Stop us if you’ve heard this one, especially from Ivan Reitman. Three slightly odd guys and a hot woman find themselves in the midst of a disaster of Biblical proportions. Dogs and cats living together…except this time no one can tell which are the dogs and which are the cats, and why are there blue apes running around without noses? Yes, it’s unavoidable. On the surface, Evolution looks just like a science fiction version of Ghostbusters, and sometimes it tries too hard to earn that shorthand. But it has a different vibe to it, and stands better on its own than it knows.
Instead of ghosts, an asteroid plummets into the Arizona desert. Would-be firefighter Wayne Green (Seann William Scott) practices saving his female mannequin at the exact spot the asteroid lands, sending him, his car, and half of his dummy flying. Called out to the scene is Dr. Harry Block (Orlando Jones, in a strange echo of the Bill Murray role), a geology professor at the local junior college. More interested in scoring with co-eds than actually understanding his field, Harry brings along a fellow teacher to keep him on task. That teacher, Dr. Fox Mulder, here known as “Ira Kane,” holds a secret deep within himself that he masks with flippant remarks, a deep-seated distrust of the government, and a largely immobile face.
The asteroid creates a huge cavern, simultaneously leaking a strange blue goo and subtly creating its own atmosphere. Harry and Ira chip away a sample and return to the college. An over-exhausted Wayne flunks his firefighter’s exam in a mildly amusing slapstick sequence, thus forcing him to remain the pool manager/whipping boy at the local Country Club. (Yes, a little Caddyshack gets thrown in, too.)
Due to incredible cellular growth in the goo, Ira convinces Harry to bring his geology class back to the landing site for a field trip.
Upon returning to the cavern, they discover the atmosphere has grown thicker, and now mushrooms and planarian worms litter the floor. Once exposed to Earth’s regular atmosphere, the worms die. But all over the nearby town, the worms escape to find that they can survive in water. And there they evolve into new, more advanced, and uniformly deadly life-forms. Wayne encounters a tiny killer seal in the water filter, but shakes it off. Later when a member of the club has an unfortunate encounter with something bigger, Wayne knows enough to find those college dudes he met earlier. And thus our trio is born.

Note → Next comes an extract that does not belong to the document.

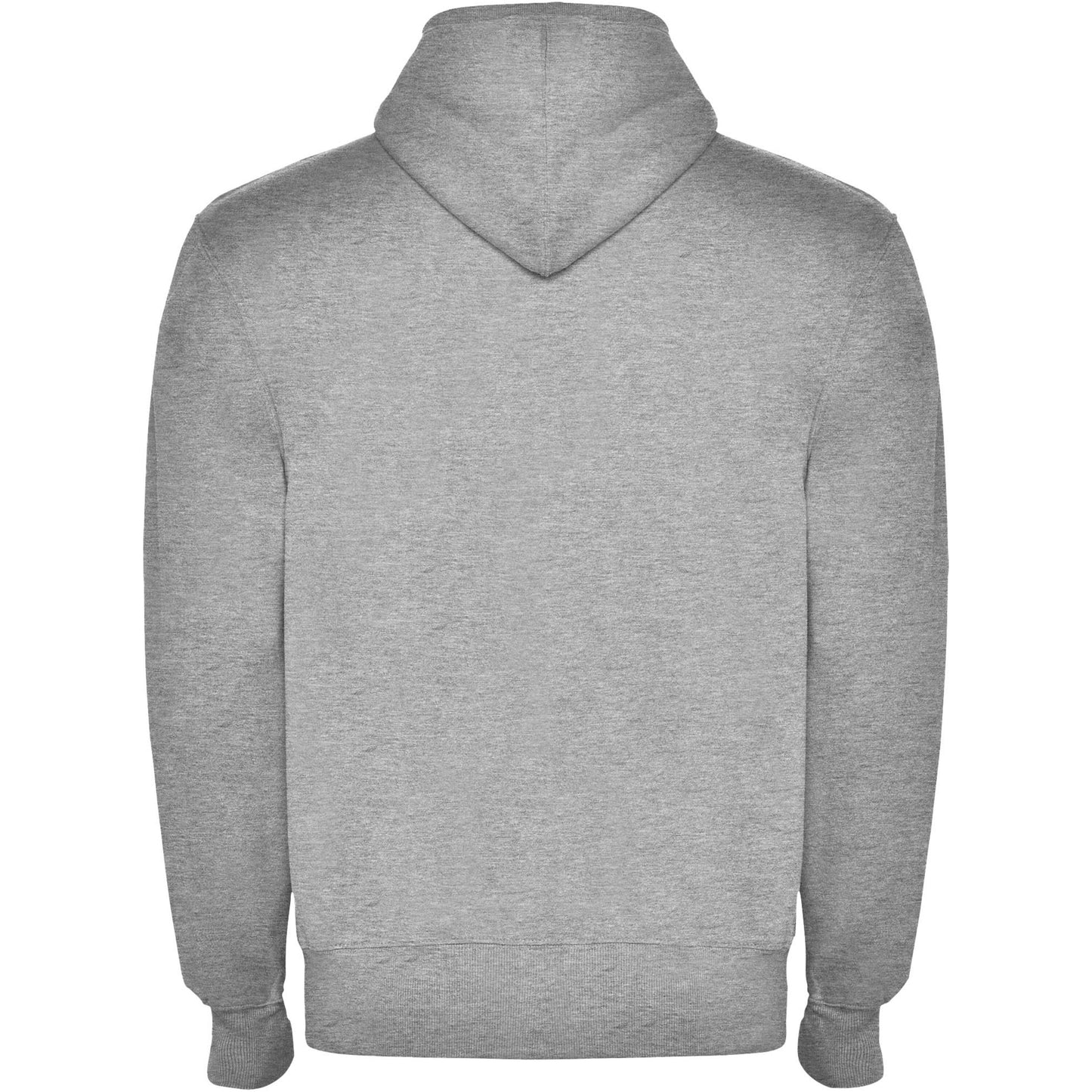 Montblanc unisex hoodie med hellång dragkedja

Wait! Where’s the hot chick? She’s there, too. Unlike Sigourney Weaver, Julianne Moore’s Allison Reed does know what’s going on from the very beginning. She’s an uptight scientist brought in by the Army to keep a lid on the impact site. And because Harry says so, she has a burgeoning crush on Ira. (What is it about Duchovny? Don’t women know he’s having an affair with Larry Sanders?) To make her funny, though, Allison is sporadically accident-prone, a bit that truly doesn’t get used enough to make it ring true. A couple of dialogue quirks hint that something more was originally scripted, but it doesn’t make it through the final cut. With the final characters in place, our heroes are free to make the government look foolish, come up with the answers no one else could, and save the day. Which, of course, they do.
As a genre film, Evolution works pretty well. It has a clever idea at its core, and though the monsters look uniformly rubbery, even the eventual primates, the film visualizes its threat well. At the very least, too, as sci-fi heroes, Ira, Harry, and Allison never make stupid mistakes, and we want them to succeed. But then there’s Wayne. And there’s the fact that Ivan Reitman doesn’t make genre films, he makes comedies. And on that score, Evolution falters.
It has some funny moments, the funniest being blown by the commercials, but nothing particularly pants-wetting. It’s painfully obvious that Reitman didn’t cast comedians to make into serious characters, as he did with Ghostbusters. Duchovny and Moore are good actors with light sides, but that doesn’t translate into huge laughs. Jones struggles as mightily as he always does to give the film comic energy. He’s funny, but film after film with Jones proves that he cannot carry all the comedy in a movie. (See: Double Take, Say It Isn’t So, or better yet, don’t.) Scott plays air-headed heroism well, and it’s good for a few laughs. Dan Aykroyd and a few other old SNL and MAD TV players pop up for cameos, but all are largely wasted, in particular the potentially brilliant Sara Silverman, given little funny to do.
But again, the story works. It has an internal logic that never betrays itself for the sake of a cheap laugh. You will find yourself concerned as to what will happen next, though the ending feels rushed. If the characters are a little underdeveloped, at least they’re consistent. Some days, that’s enough.